Who will be the next US president?

  • John McCain

    Votes: 8 7.8%
  • Barack Obama

    Votes: 80 77.7%
  • Other

    Votes: 15 14.6%

  • Total voters
    103
So what caused McGovern to lose - seen as too liberal?

Both Obama and Clinton have almost the same positions - so technically they are both Liberal to the same extent. So if that is the cause and it is still applicable today - then both of them would eventually lose.
 
Ralph Nader is the only candidate who has done anything significant to improve people's lives. Neither the former First Lady, nor the Tiger Beat Candidate, nor the old POW have a record that compares to his.

Well, in all fairness they have helped to pass legislation (judge that legislation as you may).
 
When have we seen so many college-aged youth and ethnic minorities becoming this interested in American politics before? If these two, never before seen lobbies unite behind one frontrunner (guess who), it'd be of no shock that the Democrats pull a victory come November.
Yes, but there are a lot more non-college aged, white adults in the USA that may mobilize against a black candidate with a foreign name. How many of those ethnic minorities interested in American politics are citizens that can vote?

No, IMO, what we're going to see here is the mobilization of both sides on historic scales, with the traditional Republican voters saying this must not pass.
 
A cage match where the old POW tries to take down the Tiger Beat Candidate is the most entertaining scenario of all. I'm delighted we seem to be heading in that direction.
 
A cage match where the old POW tries to take down the Tiger Beat Candidate is the most entertaining scenario of all. I'm delighted we seem to be heading in that direction.
I'd put my money on McCain in that fight. Obama will be trying to out-speak McCain, while McCain pulls out a naval-issue gun and shoots Obama dead.
 
I dunno. The Tiger Beat Candidate's in pretty good shape. He could pull the old rope-a-dope trick, like Reagan did with Carter in '80. Catch me if you can, cracker! The old POW can't raise his arms above his shoulders and could tire easily. It could be close ...
 
I'd put my money on McCain in that fight. Obama will be trying to out-speak McCain, while McCain pulls out a naval-issue gun and shoots Obama dead.

I'm with Shocker on this one. Obama's teethy grin could deflect the bullets and anyone verse enough with the basketball as he is, certainly could dodge out of harm's way. If all else fails the strength of his well-articulated convictions would silence any naysayers into submission, hence score 1: Barack, -1: McCain ;).
 
"Well-articulated convictions"?

Yeah, right, the entire Tiger Beat editorial board will be sitting in the audience holding up cue-cards ...

But, yeah, he'll win ... "hands down".
 
I wouldn't put any stock in those polls. They are probably skewed toward McCain because he is already the nominee. Wait until Obama is officially the Democratic nominee, and you'll probably see the numbers change.

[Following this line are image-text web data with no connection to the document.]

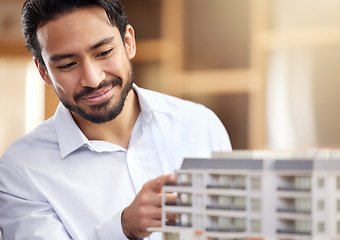 Image showing Architect, man and check building model, construction with smile on face and architecture project. Businessman in office, design and engineer with property development company and construction job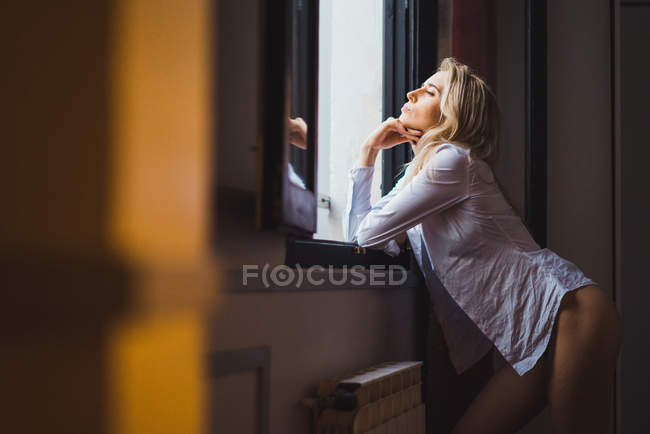Mulher atraente inclinando-se na soleira da janela — Fotografia de Stock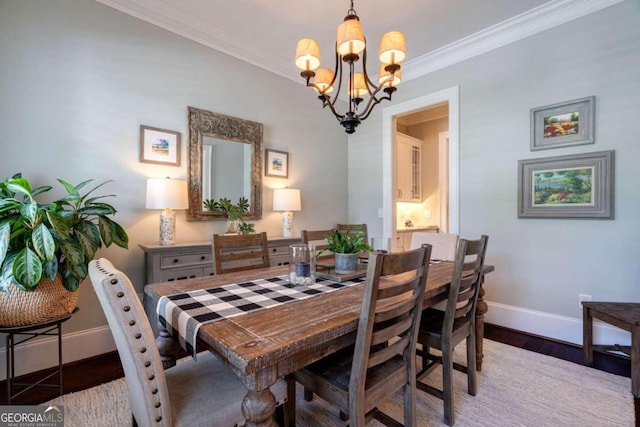 dining space with an inviting chandelier, ornamental molding, and dark hardwood / wood-style flooring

McCain would beat Hillary, and Obama would beat McCain.
 
from The Wall Street Journal article:

Party rules created superdelegates in 1982 as a potential check against an unelectable nominee from outside the mainstream. These individuals, who can vote as they choose, include all Democratic members of Congress, governors, Democratic National Committee representatives from each state, and a few VIPs, including former Presidents Clinton and Carter. The 795 superdelegates this year constitute a little less than 20% of the 4,048 total delegates who will meet at the August 25-28 convention in Denver.

Twenty per cent is still a huge, huge variable. And superdelegates don't all base their decisions on the same factors. Some will go with the majority winner of their state, others will go with their gut, some are paying back a favour or hoping for one, but the discussion will turn at some point to, Who has a better chance of beating McCain? If nationwide polls (rather than polling only Democrats in any one state) show that Clinton has a better chance than Obama does against McCain, then the momentum could shift among some superdelegates.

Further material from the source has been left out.